Lihat ke Halaman Asli

Mohammad Iqbal Shukri

Manusia penyuka sambel setan

Nabi Ibrahim Bukan Nabi Kriminal

Diperbarui: 11 Februari 2020   01:25

Kompasiana adalah platform blog. Konten ini menjadi tanggung jawab bloger dan tidak mewakili pandangan redaksi Kompas.

Gambar: islami.co


Siapa yang tidak kenal Nabi Ibrahim. Khususnya bagi umat muslim. Meskipun kita dikenalkan hanya melalui bentuk cerita-cerita dari guru atau orang tua kita. Dan cerita-cerita sang Nabi tersebut akan terus diwariskan pada anak cucu kita nantinya.

Namun dibalik cerita para nabi tersebut ada yang tidak bisa ditangkap oleh akal pikiran kita. Sebab akal pikiran kita terbatas. Sehingga kita hanya dituntut untuk mengikuti dan percaya.

Salah satunya dalam kisah penyembelihan yang dilakukan oleh Nabi Ibrahim  terhadap anaknya yakni Nabi Ismail. Hal itu didasari atas wahyu yang diterima oleh Nabi Ibrahim melalui mimpinya. 

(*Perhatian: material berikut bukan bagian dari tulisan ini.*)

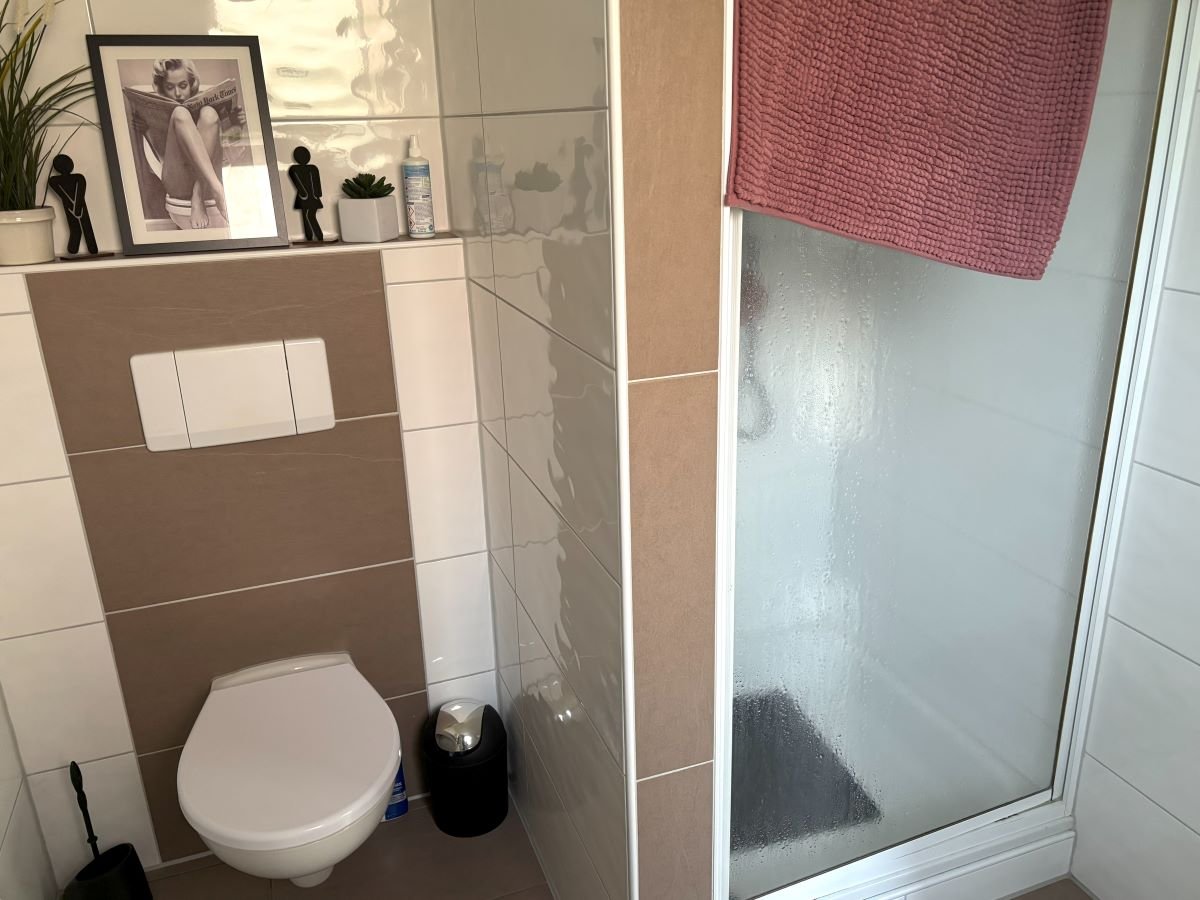 mit Dusche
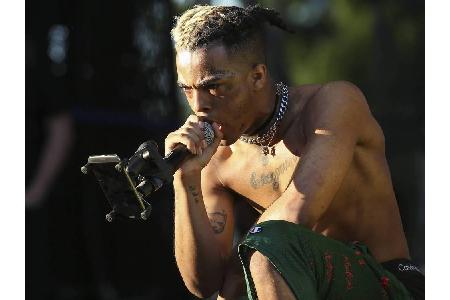 Am 18. Juni wird der US-Rapper XXXTentacion erschossen. Der 20-Jährige war ebenso umstritten wie gefeiert und hinterließ ein...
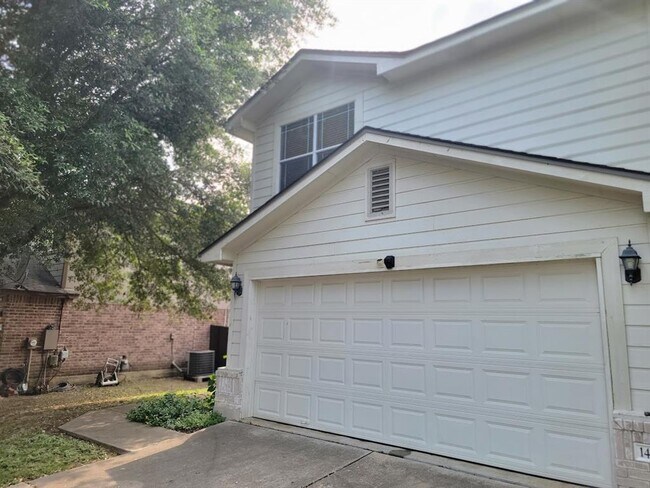 Building Photo - 14808 Sassafras Trail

Dengan utusan agar menyembelih puteranya. Singkat cerita Nabi Ibrahim pun melakukan penyembelihan tersebut. Hingga kini peristiwa penyembelihan tersebut biasa umat Islam kenal dengan Hari Raya Idul Adha atau Hari Raya Qurban. 

Bedanya ritual penyembelihan diganti dengan hewan qurban seperti sapi, kambing dan lainnya yang boleh dijadikan sebagai hewan qurban.

Kritisisme atas Kisah Nabi Ibrahim

Dari wahyu yang di dapat oleh Nabi Ibrahim lewat mimpi tersebut. Tak ayal jika menimbulkan pro dan kontra dalam pandangan awam.  Sebab agama mengajarkan cinta dan kasih sayang, bukan kriminal atau kejahatan. 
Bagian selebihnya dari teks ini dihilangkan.